The problem:
Below are lines of data; restate word for word those running from the line containing "Protaras Seafront Villa Eponine" to the line containing "A beautiful pigeon", inclusive, and no others.

Short text fragments from websites

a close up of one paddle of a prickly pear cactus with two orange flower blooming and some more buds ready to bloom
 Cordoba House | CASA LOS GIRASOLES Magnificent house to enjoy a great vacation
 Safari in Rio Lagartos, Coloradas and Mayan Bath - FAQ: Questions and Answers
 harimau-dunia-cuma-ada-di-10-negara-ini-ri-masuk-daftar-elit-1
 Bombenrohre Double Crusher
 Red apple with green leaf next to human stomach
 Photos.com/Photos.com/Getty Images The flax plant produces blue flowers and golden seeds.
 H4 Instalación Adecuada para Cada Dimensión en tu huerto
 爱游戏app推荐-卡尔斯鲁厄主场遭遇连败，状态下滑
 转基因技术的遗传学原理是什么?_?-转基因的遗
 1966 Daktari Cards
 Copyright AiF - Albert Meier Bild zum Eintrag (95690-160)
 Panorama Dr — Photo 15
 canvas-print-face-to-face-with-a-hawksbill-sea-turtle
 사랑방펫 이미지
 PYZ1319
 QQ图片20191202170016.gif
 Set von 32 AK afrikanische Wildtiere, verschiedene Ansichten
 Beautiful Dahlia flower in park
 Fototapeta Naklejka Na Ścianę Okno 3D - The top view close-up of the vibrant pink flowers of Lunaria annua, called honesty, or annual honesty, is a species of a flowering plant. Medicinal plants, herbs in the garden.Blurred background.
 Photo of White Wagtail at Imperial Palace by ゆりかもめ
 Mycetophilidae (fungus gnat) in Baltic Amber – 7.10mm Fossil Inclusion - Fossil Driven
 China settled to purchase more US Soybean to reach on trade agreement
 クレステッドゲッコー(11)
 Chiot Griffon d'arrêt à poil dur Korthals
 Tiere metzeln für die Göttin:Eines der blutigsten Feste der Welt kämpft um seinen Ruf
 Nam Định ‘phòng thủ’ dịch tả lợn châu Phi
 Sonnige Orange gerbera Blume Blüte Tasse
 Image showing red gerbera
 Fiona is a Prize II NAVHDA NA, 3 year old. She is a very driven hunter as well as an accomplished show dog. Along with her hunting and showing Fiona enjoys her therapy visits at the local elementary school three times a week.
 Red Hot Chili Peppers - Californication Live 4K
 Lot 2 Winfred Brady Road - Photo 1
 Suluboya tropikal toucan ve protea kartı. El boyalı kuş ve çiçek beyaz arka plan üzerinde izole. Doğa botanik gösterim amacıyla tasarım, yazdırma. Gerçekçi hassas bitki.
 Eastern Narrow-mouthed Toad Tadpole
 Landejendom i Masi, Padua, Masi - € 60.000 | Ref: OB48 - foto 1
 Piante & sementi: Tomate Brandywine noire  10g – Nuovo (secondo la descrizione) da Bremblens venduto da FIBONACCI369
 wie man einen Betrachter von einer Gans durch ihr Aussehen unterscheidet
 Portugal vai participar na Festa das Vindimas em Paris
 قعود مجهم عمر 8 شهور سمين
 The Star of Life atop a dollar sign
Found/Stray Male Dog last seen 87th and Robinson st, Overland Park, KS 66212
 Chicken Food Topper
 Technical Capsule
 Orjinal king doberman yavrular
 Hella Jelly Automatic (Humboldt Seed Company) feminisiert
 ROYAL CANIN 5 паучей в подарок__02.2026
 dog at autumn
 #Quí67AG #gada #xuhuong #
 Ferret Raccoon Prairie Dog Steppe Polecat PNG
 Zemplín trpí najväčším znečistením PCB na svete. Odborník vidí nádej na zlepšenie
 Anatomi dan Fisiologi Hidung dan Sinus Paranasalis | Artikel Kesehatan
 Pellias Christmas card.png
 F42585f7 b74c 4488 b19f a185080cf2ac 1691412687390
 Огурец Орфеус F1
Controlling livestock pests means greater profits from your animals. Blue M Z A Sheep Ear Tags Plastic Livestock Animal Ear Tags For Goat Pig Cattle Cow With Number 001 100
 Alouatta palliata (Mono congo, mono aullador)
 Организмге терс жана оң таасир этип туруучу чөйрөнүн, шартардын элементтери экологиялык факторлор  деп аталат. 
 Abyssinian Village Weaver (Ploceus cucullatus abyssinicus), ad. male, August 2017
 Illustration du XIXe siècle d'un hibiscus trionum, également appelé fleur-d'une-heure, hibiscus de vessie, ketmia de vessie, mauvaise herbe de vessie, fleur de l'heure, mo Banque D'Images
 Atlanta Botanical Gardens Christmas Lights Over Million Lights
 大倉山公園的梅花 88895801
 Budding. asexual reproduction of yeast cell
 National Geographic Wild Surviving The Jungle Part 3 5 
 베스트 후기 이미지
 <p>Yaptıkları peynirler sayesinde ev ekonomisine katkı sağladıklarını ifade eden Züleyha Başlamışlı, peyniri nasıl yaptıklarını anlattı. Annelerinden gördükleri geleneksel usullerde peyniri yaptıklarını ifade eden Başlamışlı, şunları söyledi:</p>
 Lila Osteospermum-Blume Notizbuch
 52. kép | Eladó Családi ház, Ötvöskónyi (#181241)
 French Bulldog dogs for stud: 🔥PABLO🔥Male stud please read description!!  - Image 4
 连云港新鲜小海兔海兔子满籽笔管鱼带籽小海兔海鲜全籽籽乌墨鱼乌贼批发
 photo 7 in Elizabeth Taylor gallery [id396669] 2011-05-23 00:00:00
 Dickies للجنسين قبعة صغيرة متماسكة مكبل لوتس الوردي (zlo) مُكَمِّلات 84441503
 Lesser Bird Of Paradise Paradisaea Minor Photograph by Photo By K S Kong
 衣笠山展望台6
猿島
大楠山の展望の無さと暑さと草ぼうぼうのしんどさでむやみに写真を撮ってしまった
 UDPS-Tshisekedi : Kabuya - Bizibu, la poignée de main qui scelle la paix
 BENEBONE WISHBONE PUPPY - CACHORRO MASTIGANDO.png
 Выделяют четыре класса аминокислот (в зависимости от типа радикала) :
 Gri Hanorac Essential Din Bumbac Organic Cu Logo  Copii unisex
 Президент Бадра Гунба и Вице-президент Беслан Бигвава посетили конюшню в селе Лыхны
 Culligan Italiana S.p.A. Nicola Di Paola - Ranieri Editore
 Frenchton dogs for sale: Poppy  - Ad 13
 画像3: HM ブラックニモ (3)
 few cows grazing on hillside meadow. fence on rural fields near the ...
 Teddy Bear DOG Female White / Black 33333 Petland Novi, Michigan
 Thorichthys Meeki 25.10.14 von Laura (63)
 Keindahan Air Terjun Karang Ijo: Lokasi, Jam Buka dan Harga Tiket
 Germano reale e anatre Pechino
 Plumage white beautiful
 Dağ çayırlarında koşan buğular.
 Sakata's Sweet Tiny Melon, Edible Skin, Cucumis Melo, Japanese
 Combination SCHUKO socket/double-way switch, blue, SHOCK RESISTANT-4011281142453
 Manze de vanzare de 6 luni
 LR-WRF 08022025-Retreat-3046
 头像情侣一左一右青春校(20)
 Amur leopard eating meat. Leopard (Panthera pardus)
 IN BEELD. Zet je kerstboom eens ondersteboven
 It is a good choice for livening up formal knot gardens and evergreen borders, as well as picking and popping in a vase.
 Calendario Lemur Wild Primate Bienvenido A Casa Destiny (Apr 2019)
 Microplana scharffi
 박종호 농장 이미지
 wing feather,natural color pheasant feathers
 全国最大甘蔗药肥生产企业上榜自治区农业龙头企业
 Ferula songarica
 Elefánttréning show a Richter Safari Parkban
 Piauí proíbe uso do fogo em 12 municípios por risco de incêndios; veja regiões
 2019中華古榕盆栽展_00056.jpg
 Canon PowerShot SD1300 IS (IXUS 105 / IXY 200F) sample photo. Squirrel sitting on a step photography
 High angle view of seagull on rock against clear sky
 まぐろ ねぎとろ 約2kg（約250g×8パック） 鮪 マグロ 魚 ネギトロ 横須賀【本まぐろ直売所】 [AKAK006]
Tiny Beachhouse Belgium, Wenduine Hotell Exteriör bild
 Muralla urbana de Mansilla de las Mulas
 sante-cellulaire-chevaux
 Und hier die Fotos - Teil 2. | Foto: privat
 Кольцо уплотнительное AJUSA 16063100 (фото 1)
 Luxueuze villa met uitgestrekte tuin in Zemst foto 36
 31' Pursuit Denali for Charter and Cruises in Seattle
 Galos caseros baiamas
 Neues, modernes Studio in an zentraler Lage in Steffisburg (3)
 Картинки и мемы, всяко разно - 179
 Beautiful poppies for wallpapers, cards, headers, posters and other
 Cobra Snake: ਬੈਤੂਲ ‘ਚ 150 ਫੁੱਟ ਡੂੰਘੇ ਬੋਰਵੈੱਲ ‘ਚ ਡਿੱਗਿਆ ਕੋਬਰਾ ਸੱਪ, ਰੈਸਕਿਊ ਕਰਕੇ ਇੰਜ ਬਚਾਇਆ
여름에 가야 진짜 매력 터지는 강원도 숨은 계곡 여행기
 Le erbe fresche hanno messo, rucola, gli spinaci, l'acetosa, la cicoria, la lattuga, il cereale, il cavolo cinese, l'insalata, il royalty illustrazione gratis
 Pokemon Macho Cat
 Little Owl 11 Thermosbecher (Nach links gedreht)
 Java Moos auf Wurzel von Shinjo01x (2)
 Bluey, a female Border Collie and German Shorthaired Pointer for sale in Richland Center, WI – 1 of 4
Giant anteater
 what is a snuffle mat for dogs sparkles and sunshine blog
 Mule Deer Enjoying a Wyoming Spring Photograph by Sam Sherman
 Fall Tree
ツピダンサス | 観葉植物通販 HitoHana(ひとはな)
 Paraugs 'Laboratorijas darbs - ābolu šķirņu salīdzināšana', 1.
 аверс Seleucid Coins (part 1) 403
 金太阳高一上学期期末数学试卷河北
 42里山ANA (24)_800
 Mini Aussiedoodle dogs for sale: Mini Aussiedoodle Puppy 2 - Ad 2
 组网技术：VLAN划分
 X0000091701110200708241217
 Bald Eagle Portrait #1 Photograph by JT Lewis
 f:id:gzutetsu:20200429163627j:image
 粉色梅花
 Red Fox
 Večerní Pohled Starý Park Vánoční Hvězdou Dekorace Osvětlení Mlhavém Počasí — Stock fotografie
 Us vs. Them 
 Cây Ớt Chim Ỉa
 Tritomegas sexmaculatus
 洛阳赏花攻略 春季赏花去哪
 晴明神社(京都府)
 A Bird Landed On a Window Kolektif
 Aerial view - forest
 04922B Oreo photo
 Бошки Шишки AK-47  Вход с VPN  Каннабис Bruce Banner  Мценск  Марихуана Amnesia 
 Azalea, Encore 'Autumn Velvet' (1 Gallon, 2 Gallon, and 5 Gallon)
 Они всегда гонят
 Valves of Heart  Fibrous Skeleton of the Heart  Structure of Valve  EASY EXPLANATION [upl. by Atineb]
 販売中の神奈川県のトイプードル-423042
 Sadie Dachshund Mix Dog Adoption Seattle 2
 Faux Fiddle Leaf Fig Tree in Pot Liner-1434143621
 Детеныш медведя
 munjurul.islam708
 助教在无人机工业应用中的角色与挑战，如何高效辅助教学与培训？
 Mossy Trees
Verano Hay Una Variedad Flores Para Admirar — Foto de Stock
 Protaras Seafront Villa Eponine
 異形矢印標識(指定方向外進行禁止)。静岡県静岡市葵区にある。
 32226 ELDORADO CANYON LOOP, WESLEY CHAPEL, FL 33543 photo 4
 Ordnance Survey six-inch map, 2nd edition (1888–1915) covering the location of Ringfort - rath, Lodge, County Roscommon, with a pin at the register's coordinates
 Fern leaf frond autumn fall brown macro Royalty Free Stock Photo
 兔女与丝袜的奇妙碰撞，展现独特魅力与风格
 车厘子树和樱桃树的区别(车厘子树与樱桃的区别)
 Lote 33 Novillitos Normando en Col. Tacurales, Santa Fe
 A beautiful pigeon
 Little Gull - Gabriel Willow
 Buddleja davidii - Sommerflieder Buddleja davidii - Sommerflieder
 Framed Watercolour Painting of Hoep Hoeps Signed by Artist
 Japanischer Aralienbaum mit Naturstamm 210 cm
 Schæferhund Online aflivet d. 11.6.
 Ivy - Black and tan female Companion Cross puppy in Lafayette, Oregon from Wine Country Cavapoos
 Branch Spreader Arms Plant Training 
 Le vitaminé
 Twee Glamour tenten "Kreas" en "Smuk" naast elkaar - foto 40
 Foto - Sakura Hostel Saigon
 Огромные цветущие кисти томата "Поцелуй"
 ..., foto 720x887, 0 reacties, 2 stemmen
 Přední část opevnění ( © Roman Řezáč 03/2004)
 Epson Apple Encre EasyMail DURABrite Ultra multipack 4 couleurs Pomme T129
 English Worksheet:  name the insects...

Response below:
 Protaras Seafront Villa Eponine
 異形矢印標識(指定方向外進行禁止)。静岡県静岡市葵区にある。
 32226 ELDORADO CANYON LOOP, WESLEY CHAPEL, FL 33543 photo 4
 Ordnance Survey six-inch map, 2nd edition (1888–1915) covering the location of Ringfort - rath, Lodge, County Roscommon, with a pin at the register's coordinates
 Fern leaf frond autumn fall brown macro Royalty Free Stock Photo
 兔女与丝袜的奇妙碰撞，展现独特魅力与风格
 车厘子树和樱桃树的区别(车厘子树与樱桃的区别)
 Lote 33 Novillitos Normando en Col. Tacurales, Santa Fe
 A beautiful pigeon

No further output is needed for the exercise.